L’elettore medio dei ’60/’70 è ancora lo stesso?

È tra i Sessanta e i Settanta del Novecento che i due partiti maggiori americani trovano una differente collocazione.
Il Grand Old Party volge a destra per raccogliere i consensi di quella che Richard Nixon definisce ‘la maggioranza silenziosa’, avversa alle contestazioni e alla violenza sociale, della quale fanno parte individui non giovani, non poveri, non afroamericani.
I democratici parlano di “formare una nuova coalizione di sinistra composta da giovani, neri, poveri, persone bene istruite, alienati sociali, gruppi minoritari e intellettuali” mentre descrivono la classe media e le associazioni di bianchi come “razzisti”.
Viene identificato dagli studi ‘l’elettore medio’ statisticamente parlando.
È “una casalinga bianca cattolica quarantasettenne residente a Dayton, Ohio, sposata con un macchinista”.
E cosa era allora a base della consapevolezza politica?
“Sapere che la signora di Dayton ha paura di camminare da sola per strada la sera, che ha pensieri contrastanti sulla questione dei neri e dei diritti civili perché prima di finire in periferia viveva in un quartiere che era diventato un ghetto nero, sapere che suo cognato è un poliziotto, sapere che non avrebbe i soldi per spostarsi se il suo nuovo quartiere si deteriorasse, sapere che è profondamente angosciata dal fatto che suo figlio frequenta un community college in cui è stato scoperto che gira l’LSD…”

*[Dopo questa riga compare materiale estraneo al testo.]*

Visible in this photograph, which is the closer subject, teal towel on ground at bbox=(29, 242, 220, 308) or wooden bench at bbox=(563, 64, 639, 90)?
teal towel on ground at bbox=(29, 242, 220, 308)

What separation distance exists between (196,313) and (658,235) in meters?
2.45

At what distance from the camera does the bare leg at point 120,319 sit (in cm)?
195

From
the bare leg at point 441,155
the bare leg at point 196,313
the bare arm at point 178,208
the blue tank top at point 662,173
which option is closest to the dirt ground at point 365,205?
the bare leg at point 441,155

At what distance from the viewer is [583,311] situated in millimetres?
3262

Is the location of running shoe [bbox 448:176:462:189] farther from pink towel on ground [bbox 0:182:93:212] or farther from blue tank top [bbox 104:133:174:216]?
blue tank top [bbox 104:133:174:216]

Certo, non tutti i particolari collimano, ma, confrontando quanto qui riportato (ripreso dallo straordinario recente imperdibile saggio di Jill Lepore intitolato ‘Queste verità. Una storia degli Stati Uniti d’America’) ai presenti accadimenti e alla contrapposizione ancora una volta in atto, molte le somiglianze.
Allora – nel 1968 e nel 1972 con Richard Nixon – la destra prevalse (per governare poi, salvo la parentesi Carter seguita al Watergate, fino al Clinton 1992).

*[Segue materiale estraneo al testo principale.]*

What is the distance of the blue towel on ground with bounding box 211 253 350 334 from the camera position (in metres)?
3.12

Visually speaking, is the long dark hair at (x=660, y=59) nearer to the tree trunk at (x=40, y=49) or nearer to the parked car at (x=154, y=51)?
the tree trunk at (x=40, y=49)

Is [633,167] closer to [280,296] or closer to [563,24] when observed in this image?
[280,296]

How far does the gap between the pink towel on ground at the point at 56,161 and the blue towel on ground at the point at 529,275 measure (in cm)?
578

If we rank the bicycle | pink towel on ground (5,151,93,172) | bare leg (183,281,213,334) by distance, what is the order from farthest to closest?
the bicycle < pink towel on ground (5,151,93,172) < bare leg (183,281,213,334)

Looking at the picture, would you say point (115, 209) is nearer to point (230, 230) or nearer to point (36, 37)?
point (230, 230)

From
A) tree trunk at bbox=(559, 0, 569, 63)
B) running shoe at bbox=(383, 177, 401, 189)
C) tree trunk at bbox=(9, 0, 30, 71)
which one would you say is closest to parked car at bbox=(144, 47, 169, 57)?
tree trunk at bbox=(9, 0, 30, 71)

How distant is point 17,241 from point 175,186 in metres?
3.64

Difficile (non impossibile), parrebbe, possa succedere ancora visti i cambiamenti nella composizione dell’elettorato laddove i citati allora componenti della ‘maggioranza silenziosa’ sono minoranza.
È questa una previsione quanto al 3 novembre?
È la definizione di una tendenza guardando alla quale la vittoria di Donald Trump nel 2016 appare a dir poco anomala.
Non è vero, d’altra parte, che già dopo il 2012 e la sconfitta subita da Mitt Romney il partito repubblicano, in uno spietato documento che è stato chiamato ‘Autopsia’, ha riconosciuto come sia indispensabile per il futuro rivedere l’intera sua strategia e cercare nuova collocazione?
Un Trump nuovamente vincente – da questo punto di vista non contingente – bloccherebbe per altri quattro anni il da molti ritenuto necessario cammino.
Un Trump perdente lo aprirebbe.
Avrà una qualche incidenza tale considerazione?